What if they do what the Protestant minority on the island did in the past and revolt against it, proclaiming — as the Catholic-Nationalist Irish in the old UK did — that their own identity is more important than a “democratic majority” of people of a different national identity?

IS THERE A SOLUTION?

The way out of the morass is a Federal United Ireland, linked closely, and perhaps confederated, with Britain.
One of the great tragedies in Northern Ireland over the last four decades has been the virtual destruction of the socialist left.

In the late 1960s a lot of people there proclaimed themselves socialist — the official Republican Movement, the younger leaders of the Civil Rights movement, from Michael Farrell to Bernadette Devlin (now McAliskey) and many others.

In the 1970 Westminster general election, a young Bogside socialist, Eamonn McCann, standing on a left-wing, class struggle platform, got nearly 9,000 votes in Derry.

In the recent election, McCann, now a prominent media pundit, got 1,649 votes in the same area.
Socialism in Northern Ireland was cut down because the best of the socialists tried to ignore the “constitutional questions”, proclaiming that socialism was the answer to Catholic-Protestant conflicts of identity, to Partition, to everything.

But only real, historically conditioned people — in the first place, working class people — can achieve socialism.

In part because socialists offered them no answers to the constitutional questions that perplexed them when the pre-69 structures fell apart, the workers in Northern Ireland, Protestant and Catholic alike, bitterly divided, lined up behind their respective communal leaders and their politics.

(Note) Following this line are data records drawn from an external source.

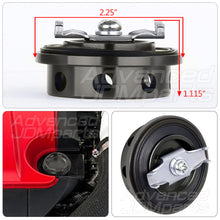 Load image into Gallery viewer, Mitsubishi Aluminum Round Circle Hole Style Oil Cap Gunmetal
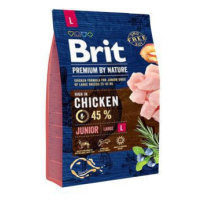 Brit Premium Dog by Nature Junior L 3kg sleva
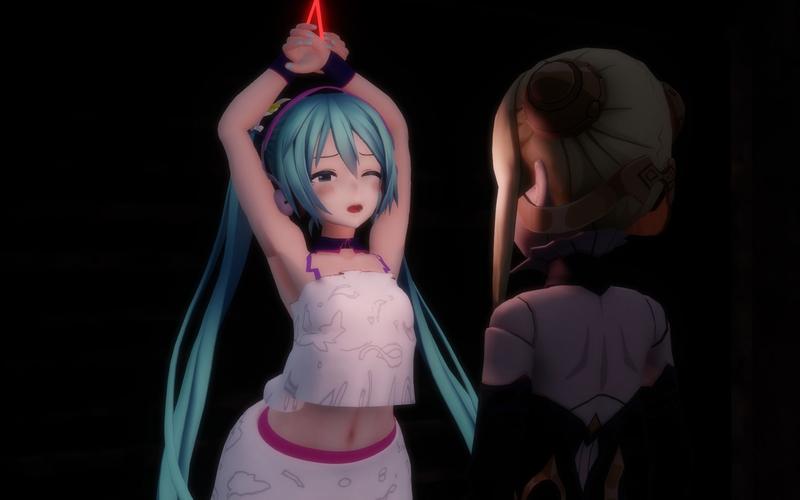 初音未来打肚子视频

The political beneficiaries of the separation of Unionist workers from the old Orange-Unionist establishment — a development which socialists had fervently wished for for many decades — were the quasi-populist Paisleyites.
Because they had no answer to the constitutional question, the socialists were politically marginalised.

What might a socialist, working class answer to this question be? Consistent democracy! The Bolshevik Party proclaimed long ago, in 1913, what that means in conditions such as those of Northern Ireland.

“In so far as national peace is in any way possible in a capitalist society based on exploitation, profit-making and strife, it is attainable only under a consistently and thoroughly democratic republican system of government… the constitution of which contains a fundamental law that prohibits any privileges whatsoever to any one nation and any encroachment whatsoever upon the rights of a national minority. This particularly calls for wide regional autonomy and fully democratic local government, with the boundaries of the self-governing and autonomous regions determined by the local inhabitants themselves on the basis of their economic and social conditions, national make-up of the population, etc.”

Against this, the demagogic reply is frequently made that that is a proposal to repartition Ireland. Those who dismiss a federal united Ireland because it would mean redrawing boundaries rationally and democratically allowing the maximum local self-rule are in effect arguing that the existing partition is the best possible partition!

The alternative to such a consistently democratic approach is not a united Ireland, but the existing partition.

A unitary Irish state is not on. Not now, and not in the calculable future. Not, most likely, even if a mainly Catholic majority in Northern Ireland votes for such a united Ireland.

A federal united Ireland, with northern British-Irish self-government and linked more closely with Britain, perhaps in a confederation, is the only constitutional framework in which — and by the advocacy of which — the working class in Ireland, Catholic and Protestant, in the Six and 26 Counties alike can unite and offer political answers to the issues that dominate life in the north, as a direct result of the botched, anti-democratic partition imposed on Ireland in 1921-22.